The Tur Orach Chayim (Siman 581/ סימן תקפ״א) writes in the name of Pirkei D’Rebbe Eliezer: Our minhag to blow shofar during Elul flows from a tradition that we have. When Moshe Rabbeinu was commanded to ascend Har Sinai to receive the second set of Luchot, Hashem requested that a shofar be blown in the camp to mark the moment, in order to avoid the earlier mistake of miscalculating Moshe’s expected descent that led to the Chet Ha’Egel. The same shofar that was used to announce Moshe’s going up, the Tur says, was used to elevate Hashem, as it is written in Psalm 47:6: God ascended with a blast, Hashem with the sound of a shofar.
The Tur adds: Therefore, the Sages established blowing the shofar throughout all of Elul in order to motivate the people to do teshuva, as it says in Amos (3:6) Will the shofar be blown in the city and the nation not tremble? …and also to confuse the Satan.
In our source verse, it says they blew shofar only on the day that Moshe Rabbeinu re-ascended Har Sinai. Why then do we blow shofar on every day of Elul?
What is the connection between the tekia (and the announcement that Moses went up to the heavens), and the ascent – so to speak – of the Master of the Universe, also with a shofar?

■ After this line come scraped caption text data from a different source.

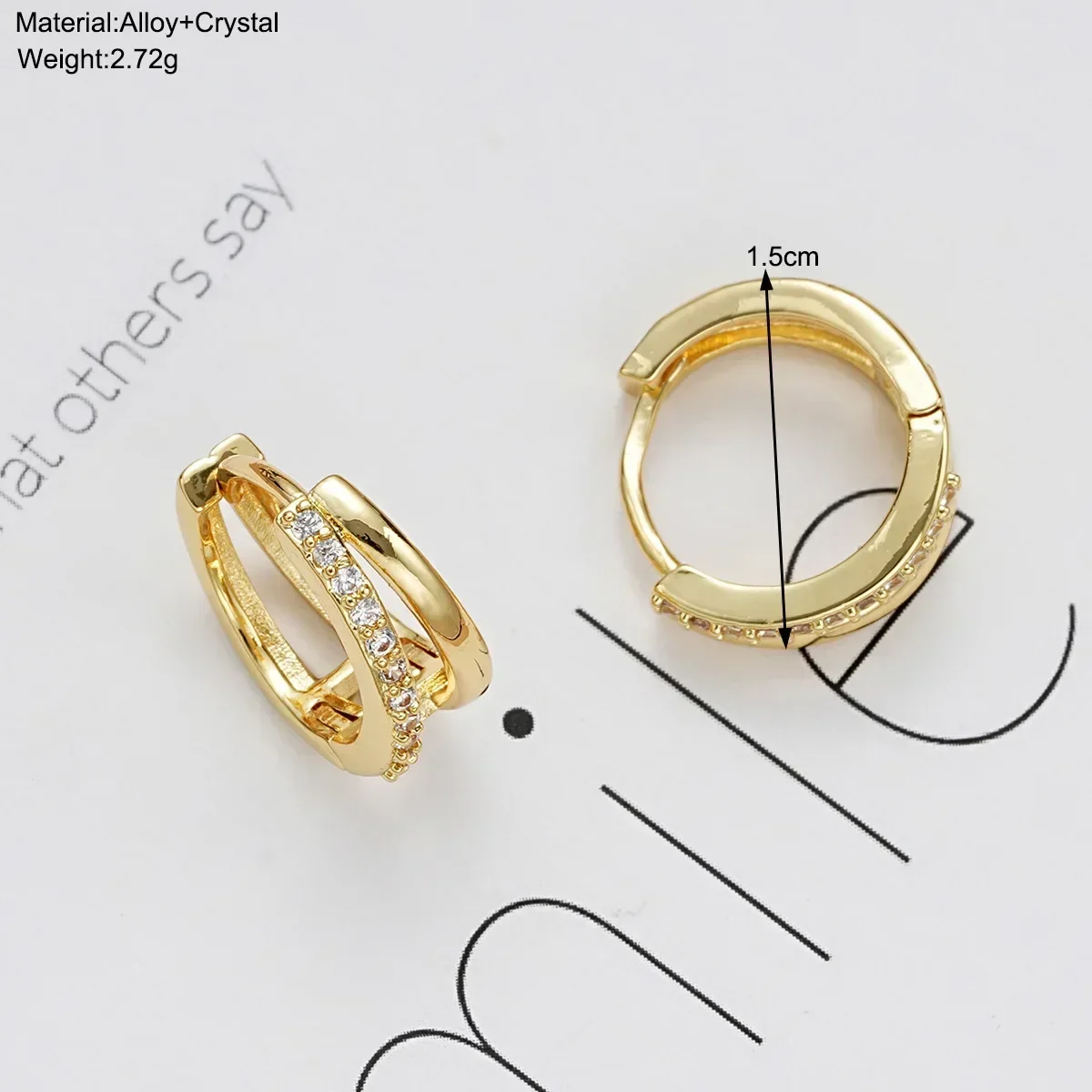 Stainless Steel Gold Color Circle Hoop Earrings for Women Simple Cubic Zircon Double Ring Earring Cartilage Piercing Jewelry thumbnail 6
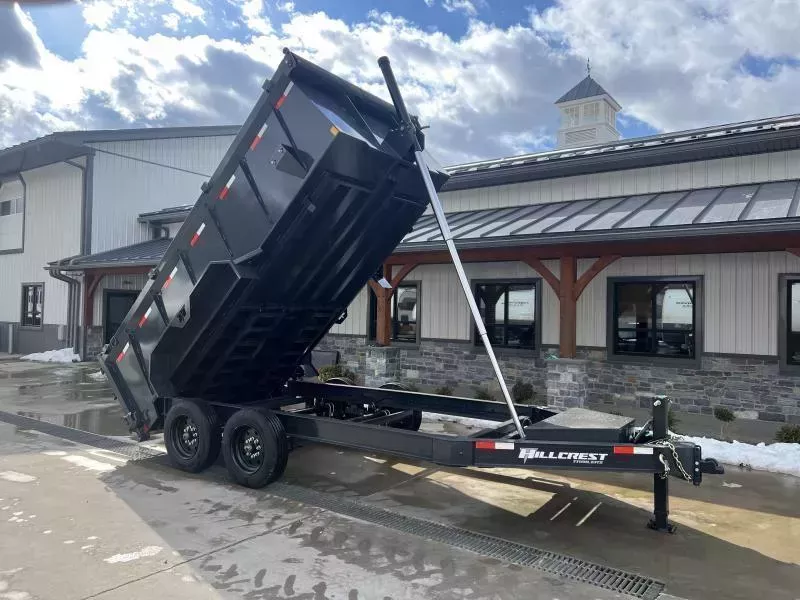 2026 Hillcrest Trailers 7x16' High Side Dump Trailer 17600 GVW * 8000# AXLES * 17.5" 16-PLY TIRES * 40" HIGH SIDES * 12-TON TELESCOPIC HOIST * OVERSIZE TOOLBOX * I-BEAM FRAME * 7GA FLOOR * DELUXE TARP * STRONG RAIL * HD COUPLER * JACKSTANDS * 12" O.C. C/M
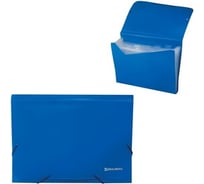 Папка на резинках BRAUBERG А4, 13 отделений, пластиковые индексы, синяя, Россия 226019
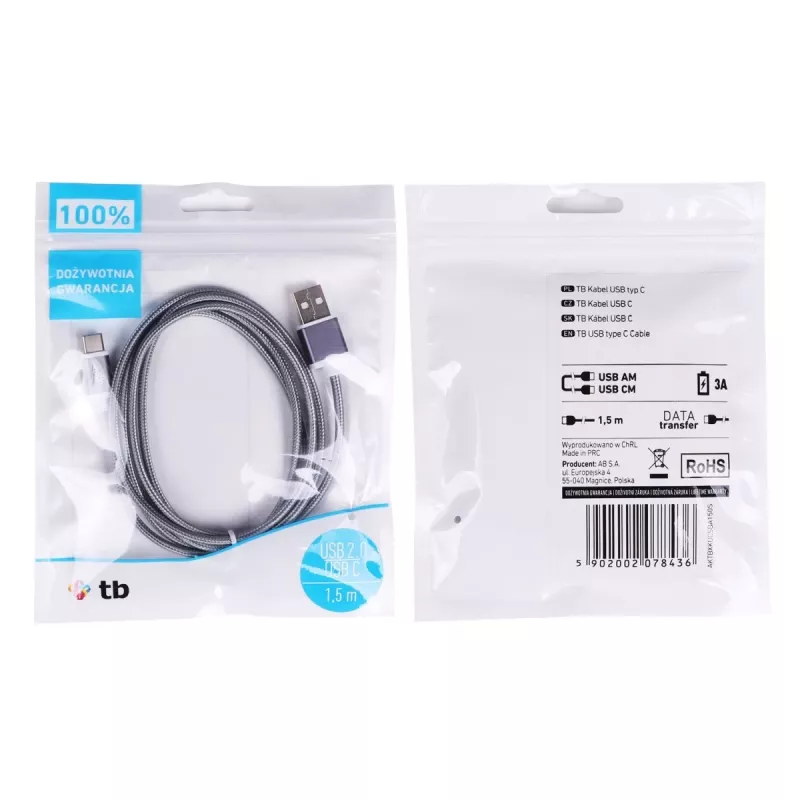 TB USB - USB C laidas 1,5 m pilkas (AKTBXKUCSBA150S)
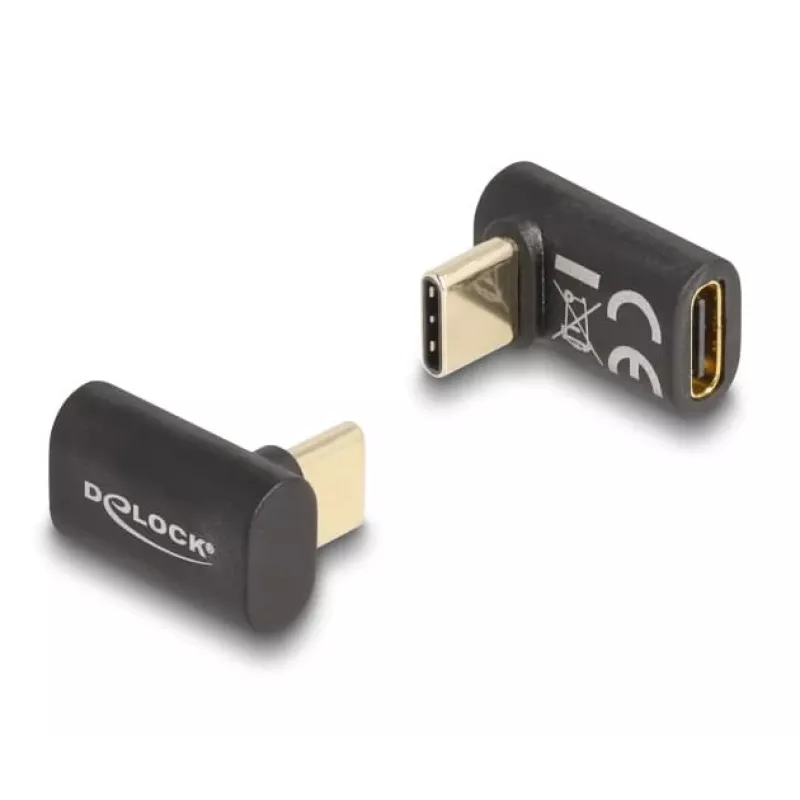 Adaptador DeLOCK USB 40 Gbps USB Type-C PD 3.0 100 W conector macho a conector hembra acodado 8K 60 Hz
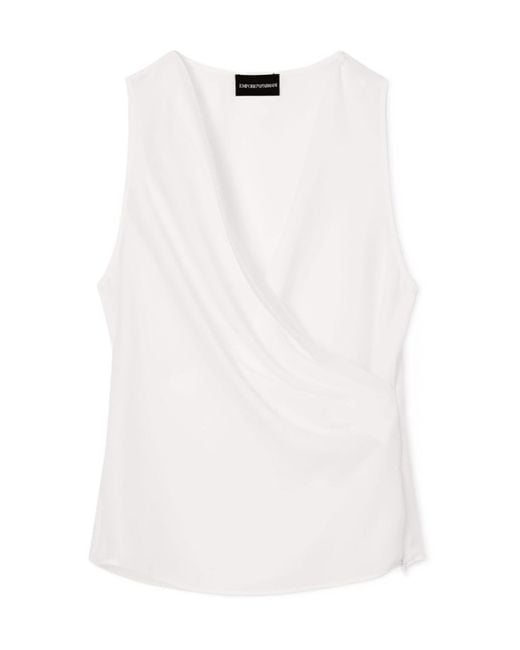 Emporio Armani White Crepe Top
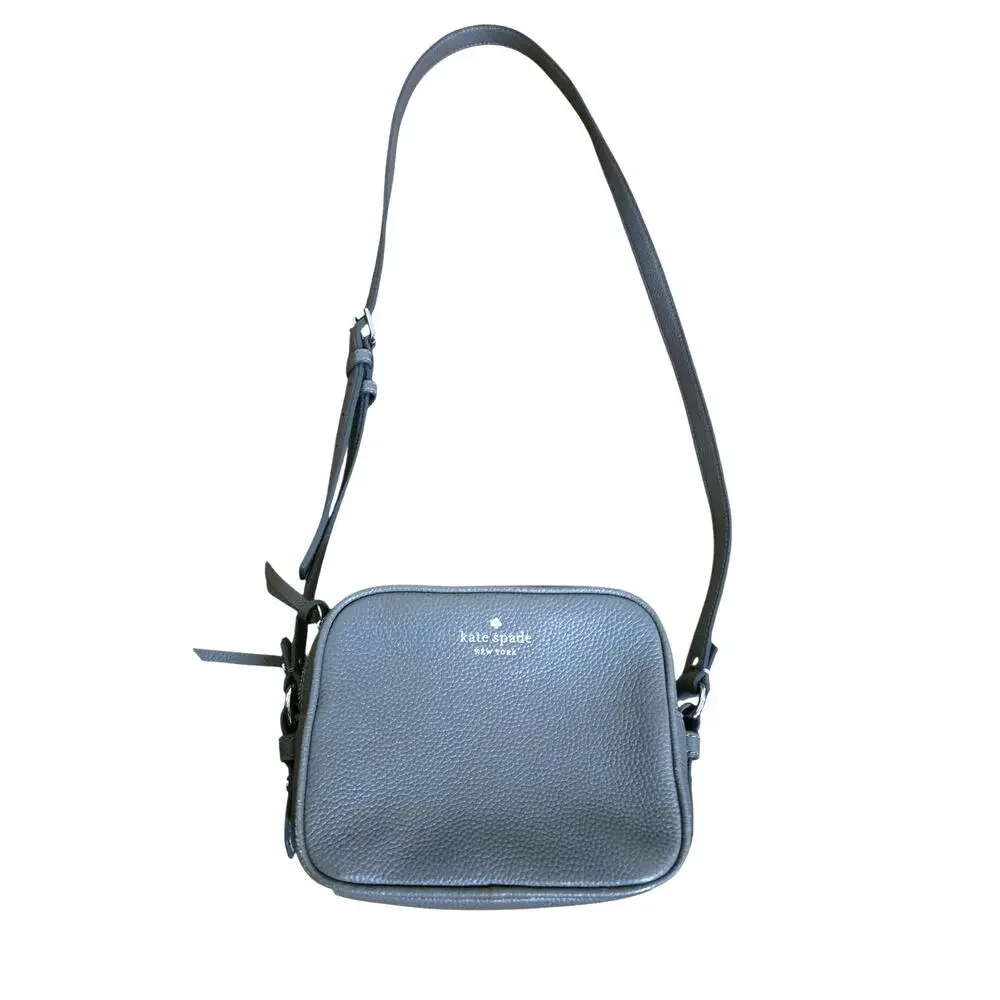 Kate Spade Gray Mulberry Street Pyper double zipper crossbody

If we say that blowing shofar serves to awaken the people to do teshuva, as the Tur wrote: Is it possible that a shofar sounds in the city and the nation not tremble? – then why do we not blow during the 10 days of Penitence? The Aseret Y’mei Teshuva are the essence of repentance, days reserved for doing teshuva. How can we not blow during those 10 days?